Po czwartkowym porozumieniu z ministrem zdrowia, w piątek lekarze rezydenci badają sytuację.
- Pozostajemy czujni, po prostu będziemy obserwować, co się będzie działo- mówi Jan Łukasik, rezydent pediatrii ze Szpitala Klinicznego w Warszawie, i dodaje, że podpisując klauzulę opt-out daje rządowi kredyt zaufania.
Jan Łukasik w proteście klauzulę opt-out wypowiedział, a teraz nie wyklucza, że znów zgodzi się pracować dłużej. Pod pewnymi warunkami.
- Oczekuję, że będą prowadzone dalsze działania mające na celu poprawę ogólnej sytuacji w ochronie zdrowia - mówi Łukasik.
Naczelna Izba Lekarska porozumienie krytykuje, a podpisywanie klauzuli opt-out odradza.
- Wzywamy do bezpiecznych zachowań dla pacjenta i gwarantujących przeżycie lekarzom - mówi Maciej Hamankiewicz, prezes Naczelnej Izby Lekarskiej.
Kompleksowa zmiana?
Dla dyrektora szpitala, gdzie klauzuli nie podpisała jedna trzecia lekarzy, warunki porozumienia są dobre, a nawet realne.

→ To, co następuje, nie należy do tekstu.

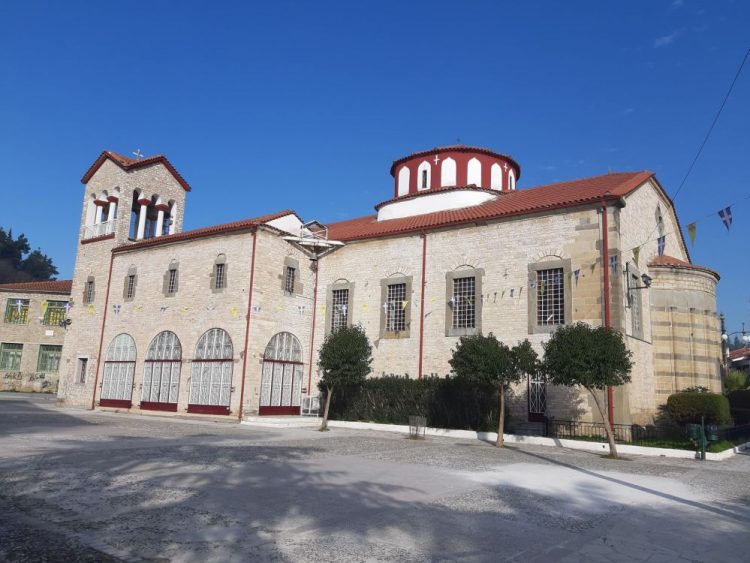 Καθημερινή Θεία Λειτουργία στην Αγία Επίσκεψη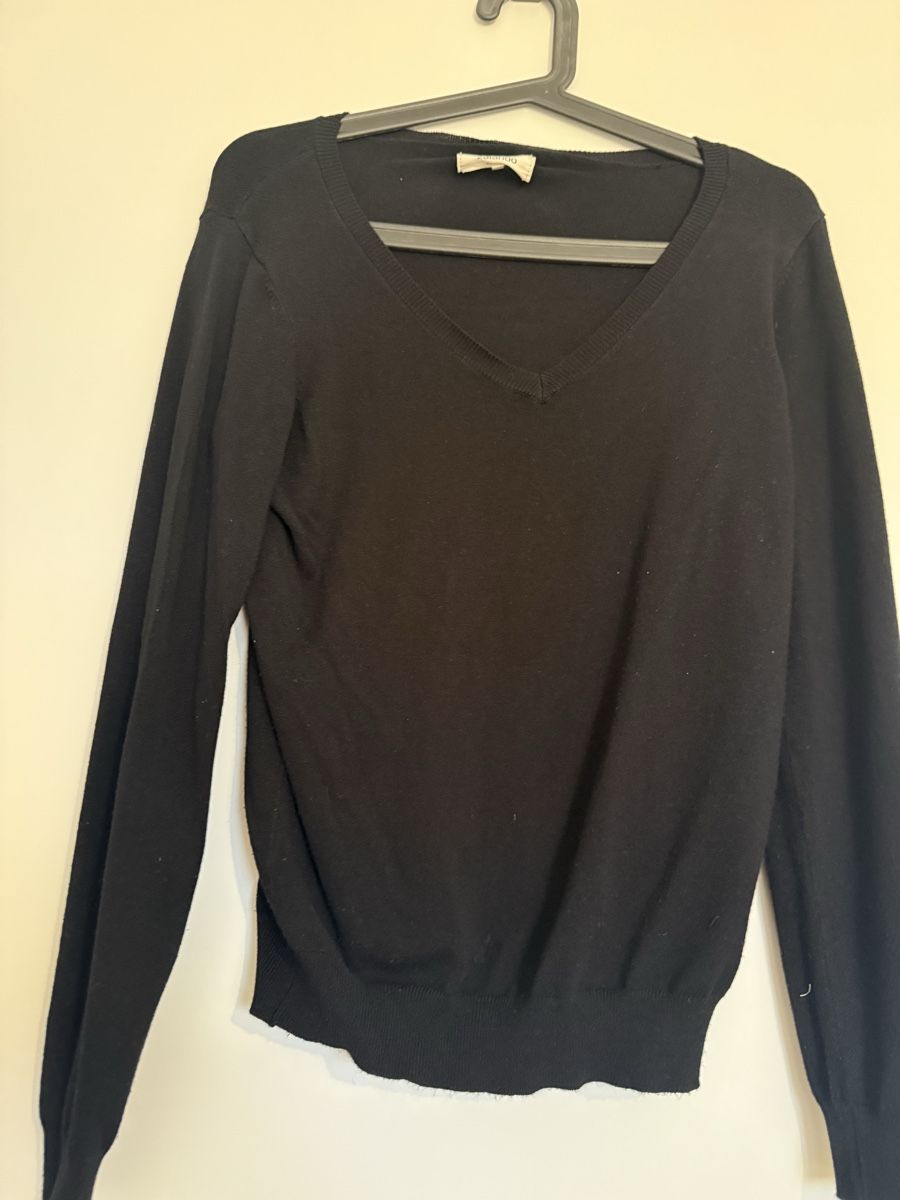 Pulls & Sweat-shirts: Damen Pullover schwarz Grösse S – D'occasion à Muttenz par Bea_dbr 1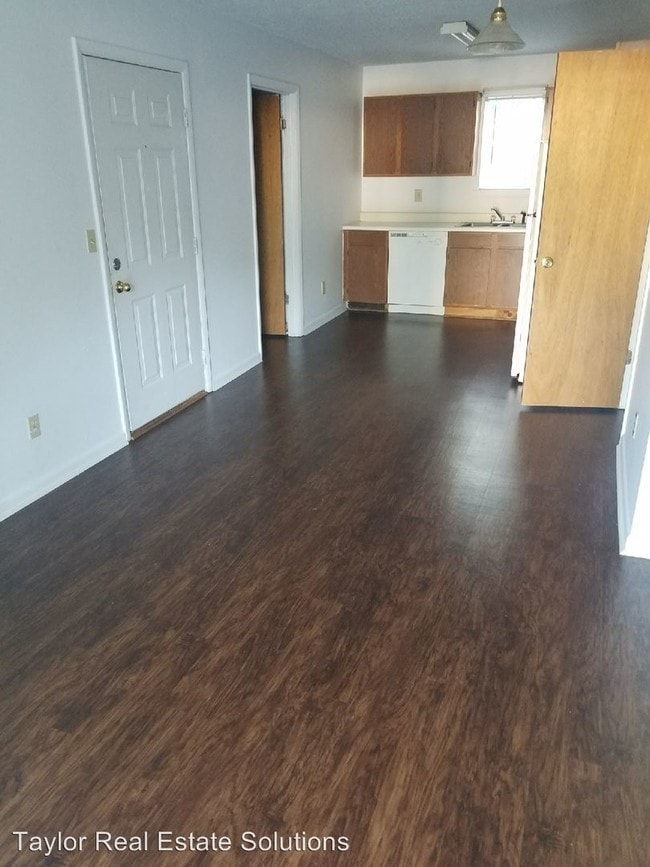 415 Ladiga St SE, Jacksonville, AL 36265 Condo for Rent in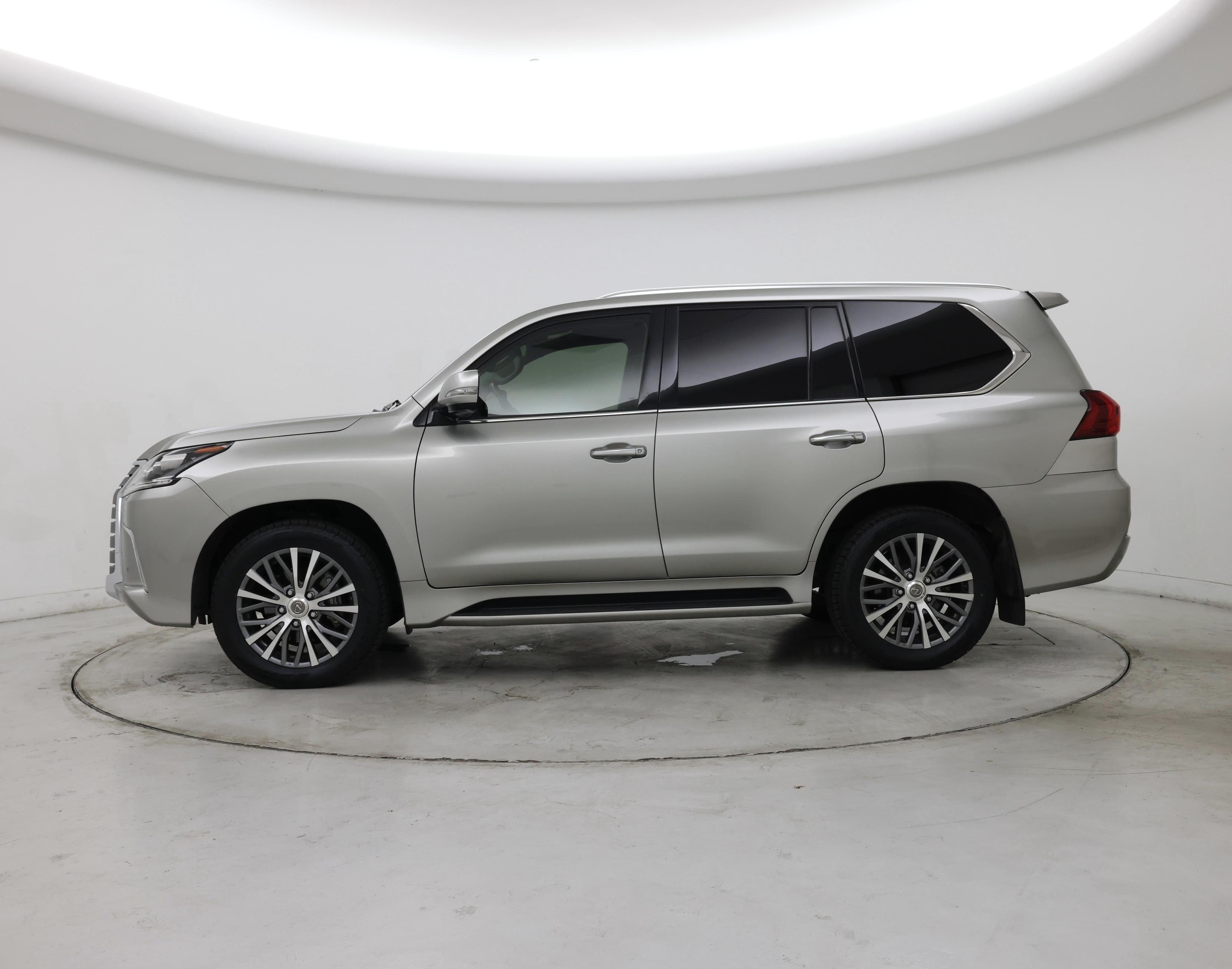 Thumbnail: 2021 Lexus LX - 3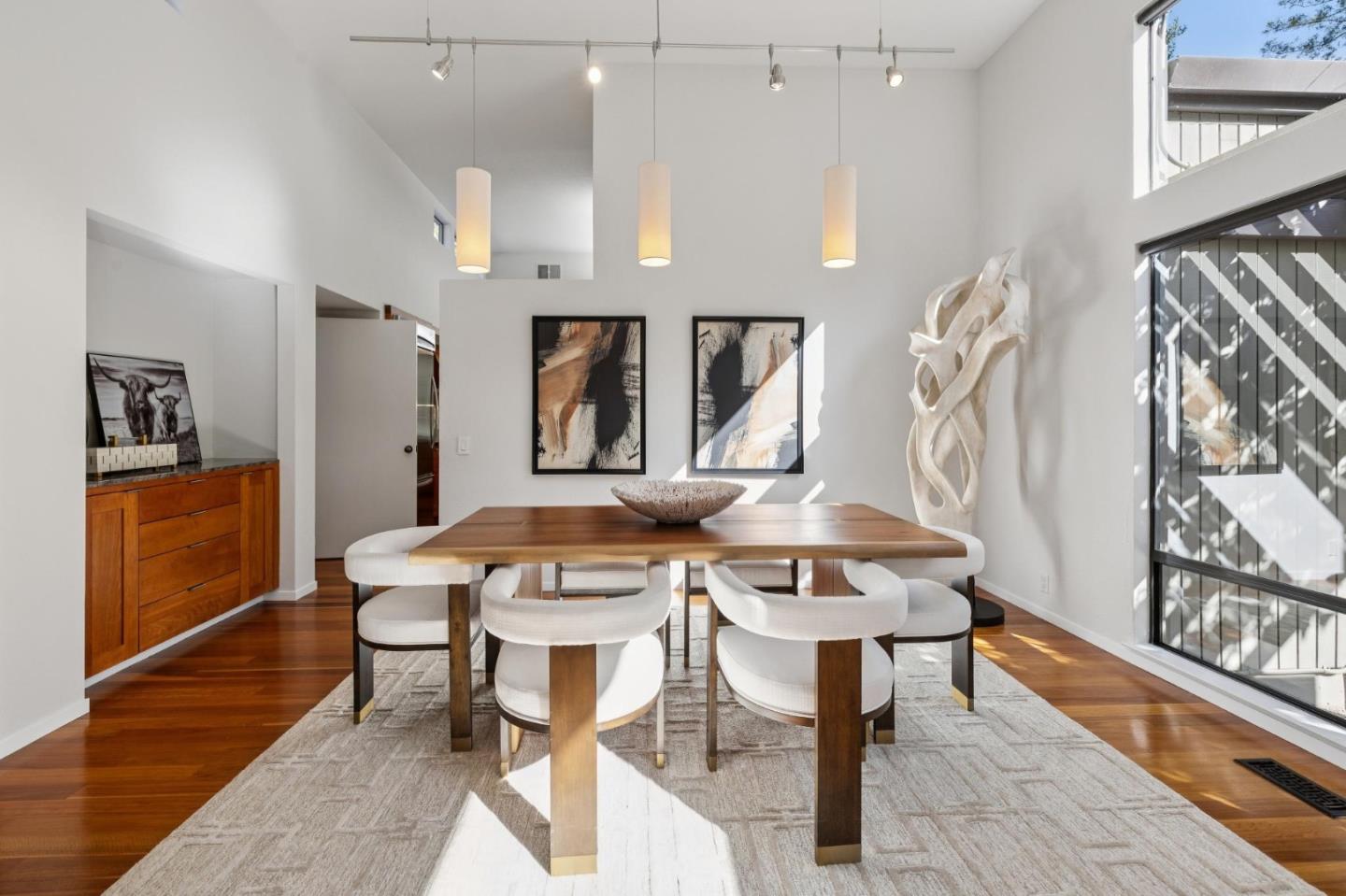 Detail Gallery Image 14 of 52 For 35 Bear Paw, Portola Valley,  CA 94028 - 3 Beds | 2/1 Baths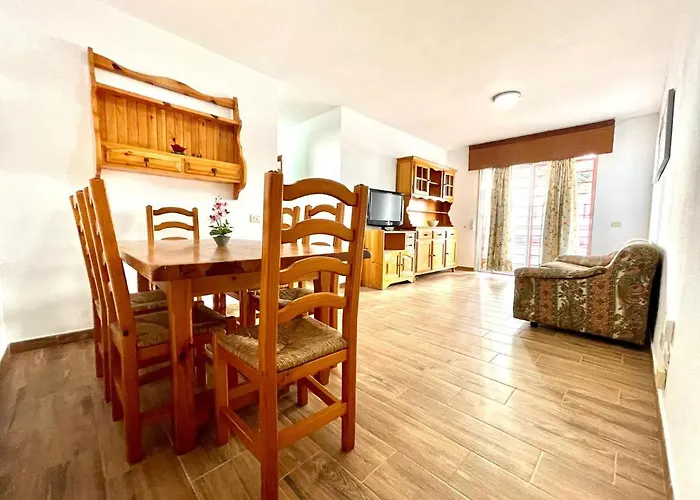 Apartamento Urb. Palmeras Del Sur Con Piscina *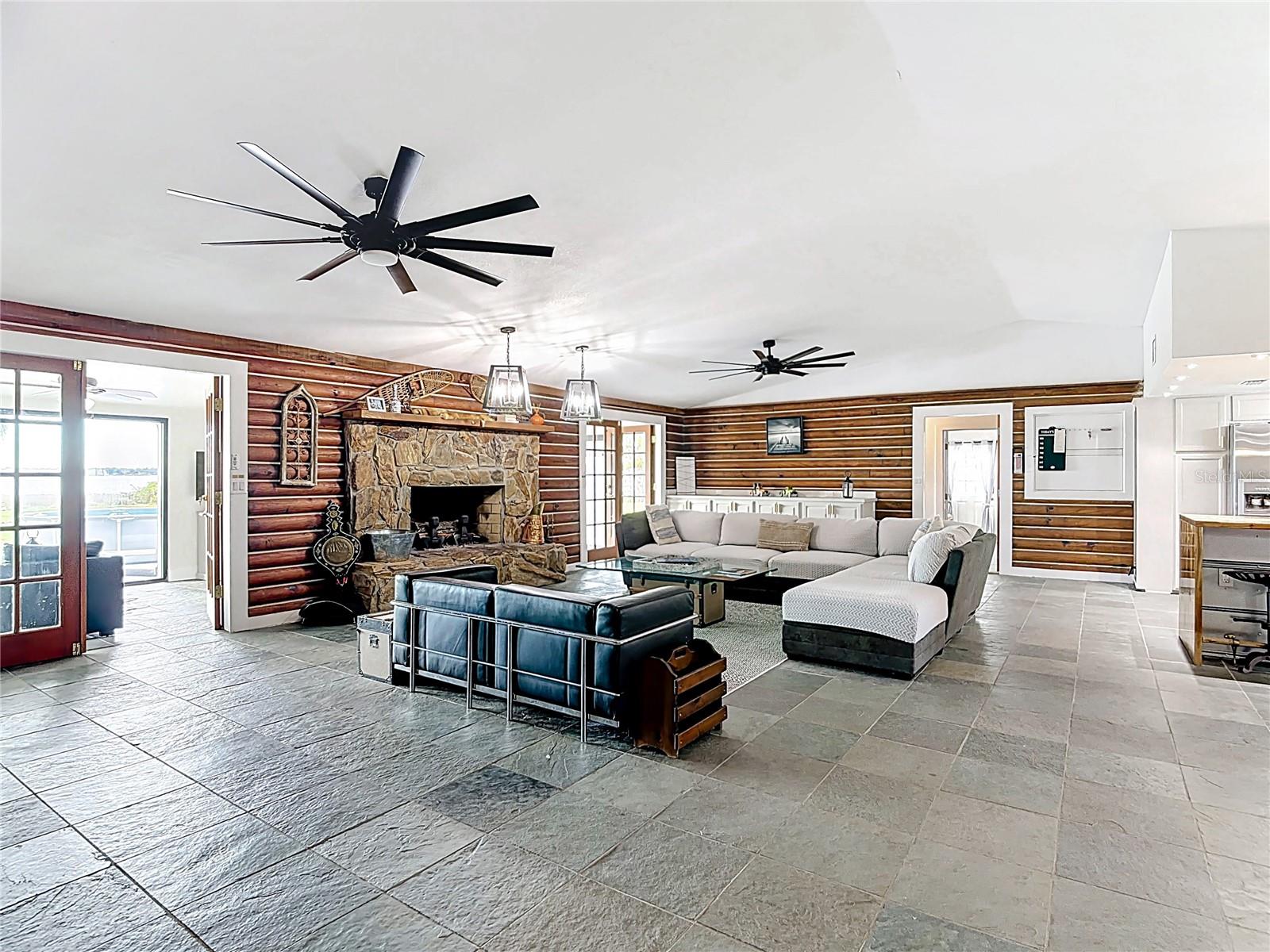 Image 14 of 67 For 741 Lake Reedy Boulevard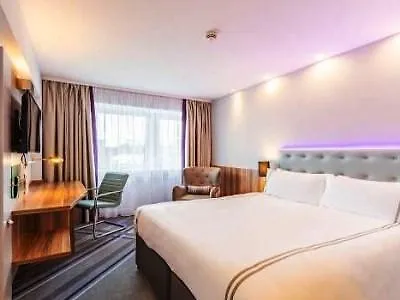 Premier Inn Hamburg City Alster فندق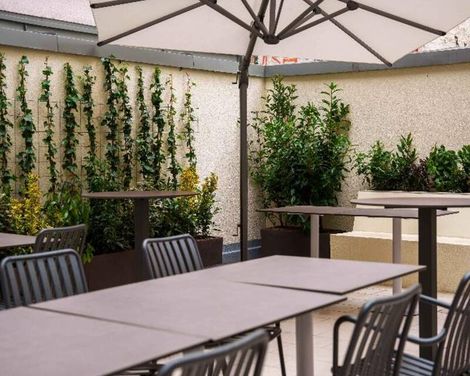 The Honest Budapest By Chic & Basic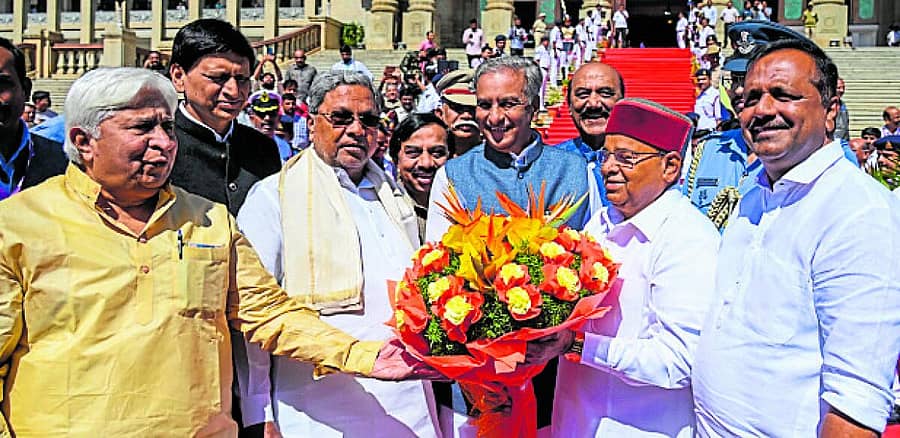 <div class="paragraphs"><p>ರಾಜ್ಯಪಾಲ ಥಾವರಚಂದ್ ಗೆಹಲೋತ್ ಅವರನ್ನು ಸಭಾಪತಿ ಬಸವರಾಜ ಹೊರಟ್ಟಿ, ಸಭಾಧ್ಯಕ್ಷ ಯು.ಟಿ. ಖಾದರ್ ಸ್ವಾಗತಿಸಿದರು. ಕಾನೂನು ಸಚಿವ ಎಚ್.ಕೆ.ಪಾಟೀಲ, ಮುಖ್ಯಕಾರ್ಯದರ್ಶಿ ರಜನೀಶ್ ಗೋಯಲ್, ಮುಖ್ಯಮಂತ್ರಿ ಸಿದ್ದರಾಮಯ್ಯ, ಮುಖ್ಯಸಚೇತಕ ಅಶೋಕ ಪಟ್ಟಣ ಹಾಜರಿದ್ದರು</p></div>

- Są bardzo obiecujące, bardzo optymistyczne. Wygląda na to, że ktoś w końcu zainteresował się kompleksowo systemem opieki zdrowotnej w Polsce - ocenia Robert Krawczyk, dyrektor Samodzielnego Publicznego Dziecięcego Szpitala Klinicznego w Warszawie.
Nowa pensja lekarza rezydenta wzrośnie o niemal dwa tysiące złotych brutto (z 4190 do 6000 zł brutto), jeśli po zakończeniu specjalizacji dwa lata przepracuje w Polsce.
Porozumienie zakłada też podwyżki dla specjalistów (do 6750 zł brutto), informatyzację, czyli m.in. elektroniczne recepty i skierowania dla pacjentów; zmniejszenie biurokracji (zatrudnianie sekretarek medycznych) i zwiększenie pieniędzy w systemie (6% PKB do 2024).
Poprawić ma się również sytuacja kadrowa, zwłaszcza w mniejszych placówkach, takich jak Szpital Powiatowy w Giżycku, gdzie od stycznia oddział pediatrii jest zawieszony. Ministerstwo chce lepszymi warunkami zatrudnienia zachęcać młodych lekarzy do pracy w kraju.
Potrzebne środki
Do tego - niemal od razu - potrzebne będą obiecane w porozumieniu konkretne pieniądze. Tylko w tym roku - dodatkowe dwa miliardy złotych.
- Nie wyobrażam sobie żebym mógł zrealizować te podwyżki z tych pieniędzy, które teraz dostaję z Narodowego Funduszu Zdrowia - mówi Robert Krawczyk.
Skąd wziąć dodatkowe środki? Zastanawiają się nad tym oddziały NFZ w całym kraju, choć, jak zaznaczają, na razie jest za wcześnie, by mówić o technicznych rozwiązaniach.
Praktycznie zmiany w ochronie zdrowia będą więc widoczne w lipcu, gdy przyznane zostaną pierwsze podwyżki.